The successful revival of three-dimensional (3D) cinema has generated a great deal of interest in 3D video. However, contemporary eyewear-assisted displaying technologies are not well suited for the less restricted scenarios outside movie theaters. The next generation of 3D displays, autostereoscopic multiview displays, overcome the restrictions of traditional stereoscopic 3D and can provide an important boost for 3D television (3DTV). Then again, such displays require scene depth information in order to reduce the amount of necessary input data. Acquiring this information is quite complex and challenging, thus restricting content creators and limiting the amount of available 3D video content. Nonetheless, without broad and innovative 3D television programs, even next-generation 3DTV will lack customer appeal. Therefore simplified 3D video content generation is essential for the medium's success.

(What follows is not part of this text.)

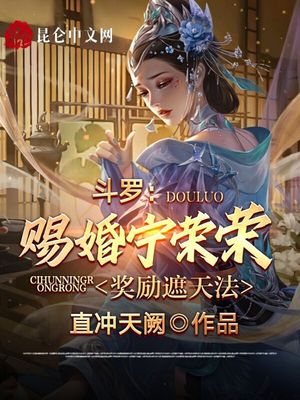 Douluo: Marriage to Ning Rongrong, Reward for Covering the Sky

This dissertation surveys the advantages and limitations of contemporary 3D video acquisition. Based on these findings, a combination of dedicated depth sensors, so-called Time-of-Flight (ToF) cameras, and video cameras, is investigated with the aim of simplifying 3D video content generation. The concept of Time-of-Flight sensor fusion is analyzed in order to identify suitable courses of action for high quality 3D video acquisition. In order to overcome the main drawback of current Time-of-Flight technology, namely the high sensor noise and low spatial resolution, a weighted optimization approach for Time-of-Flight super-resolution is proposed. This approach incorporates video texture, measurement noise and temporal information for high quality 3D video acquisition from a single video plus Time-of-Flight camera combination. Objective evaluations show benefits with respect to state-of-the-art depth upsampling solutions. Subjective visual quality assessment confirms the objective results, with a significant increase in viewer preference by a factor of four. Furthermore, the presented super-resolution approach can be applied to other applications, such as depth video compression, providing bit rate savings of approximately 10 percent compared to competing depth upsampling solutions. The work presented in this dissertation has been published in two scientific journals and five peer-reviewed conference proceedings. In addition, the super-resolution approach has been granted patent protection.
In conclusion, Time-of-Flight sensor fusion can help to simplify 3D video content generation, consequently supporting a larger variety of available content. Thus, this dissertation provides important inputs towards broad and innovative 3D video content, hopefully contributing to the future success of next-generation 3DTV.